During the XIII century, particularly profitable for the amalfitana society, besides the realization of a notable series of public works and monuments, as for instance the Cloister Heaven and the Crypt of the Cathedral, some important innovations were also made in the maritime, economic and juridical sectors. The use of the compass was introduced, the techniques of the production of paper were applied and learned from the Arabic world, and finally the Young judge Augustariccio fixed in writing, in 1274, the Consuetudineses Civitatis Amalfie.

During the first part of the XIV century some natural calamities irreparably destroyed the Amalfitan economy damaged by the War of the Evening (1282).

From 1392 to 1583 the Dukedom of Amalfi was subdued to feud and saw as Dukes of noble Amalfi exponent from families such as Column, the Orsinis and finally the Piccolominis. It was in those years that were developed in Amalfi, Atrani and Minori numerous pastifici that made pasta famous all over the world.

During the XVII and XVIII century the city and its territory were submitted to a total artistic and architectural renewal, evident in a particular way in the religious monuments. In the 1800 Amalfi  was rediscovered as a destination to stay and study for numerous foreign travellers:  it was so that the landscapes, the monuments, the scenes of daily life became the source of inspiration for writers, painters, architects coming from every part of Europe

The festivals and the popular traditions of Amalfi are tightly tied up to the Ecclesiastical calendar, that startswith the Saint Week, one of the culminating events along the xml:lang=”EN-GB”>Amalfitan are the numerous “Street Crucis” and the suggestive liturgical processions. Among these prevails that of the Christ Morto, which started the evening of Friday along the darkened roads of the urban center in Amalfi. The other religious events of relief, the Christmas, also in Coastline as everywhere in the Neapolitan, is characterized by “Presepi”, that are situated even in caves and fountains, as in the Cave of the Emerald portance, they also assume the religious and civil cerimonies in honor of the saints, above all that of St. Andrew, the patron saint of the city, whose relics were moved in 1208 to Amalfi from cardinal Pietro Capuano where there had been the conquest of Constantinople by the Crusaders. The relics are revered in the crypt of the Cathedral, where the miracolo of the manna also happens.
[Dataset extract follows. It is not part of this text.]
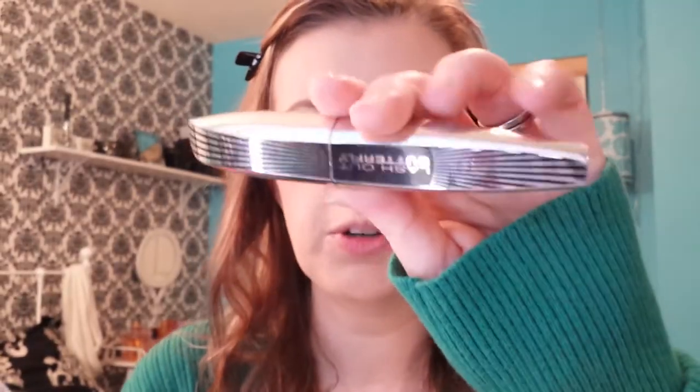I really like that Lorac Pro palette — it's really nice, very versatile. Put the eyeliner across the lash line. And then I'm going to curl my lashes and I'm going to apply the L'Oreal Lash Out Butterfly Mascara.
Then the ” Viecchio” (the popular affectionate appellative of the Saint) is brought to the foot of run of the steep stairway of the Cathedral, renewing so the ancient rite of the “challenge to the divinity”, whose charm still survives in modern forms.

Amalfi Dom

Devoted to St. Andrew, the cathedral in Amalfi rises at the end of a steep stairway, and it overhangs the square with the same name. In the center of which there is the eighteenth-century fountain of rhe Saint of Amalfi. The building, the originals plans of which go back  to the IX century, was inspired in 1203 by the Sicilian Arab-Norman forms and then again during the other centuries’. The facade is of particular beauty, rebuilt after the 1861 collapse, it introduces valuable musive decorations:  in the eardrum Christ is represented in a throne between the symbols of the Evangelists and the Terrestrial power, a sketch by Domenico Morelli.
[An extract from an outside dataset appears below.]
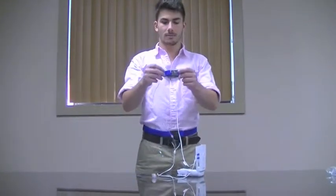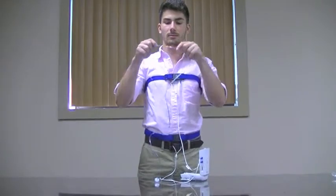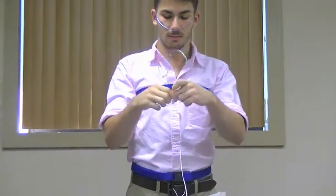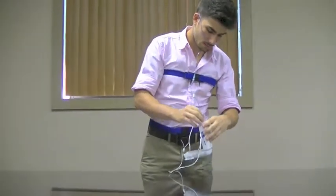Next, we will attach the nasal cannula. To do this, you will place the nasal cannula up your nose and position the wire up and around your ears. You will then screw on the wire to the top of the device as shown.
To the left of the façade the bell tower rises, initiated in 1180 and completed in 1276, which, even though many times restored, preserves its native aspect.

It was used in 389 as a tower of defense during attack by the Angioinis, it is more up of a plan of bifore and one of trifore, architectural elements of evident Norman derivation and it culminates with the multi colored maiolicata dome, of Arabic inspiration. The door in bronze, realised in Constantinople before 1066, showing carvings of Christ, of the Madonna and of the Saints Andrew and Pietro. The inside of the church, to Latin cross to three aisles, reconstructed in Baroque style, preserve frescos, statues and other works of art of notable interest: the paintings of Andrew of Asti can be admired, adorning the ceiling of the median aisle and the transetto, the Renaissance marmoreal ancona with three saints, the sixteenth-century grave of the bishop Andrea of Acunto and both with marble icon decoration belonging to the native church.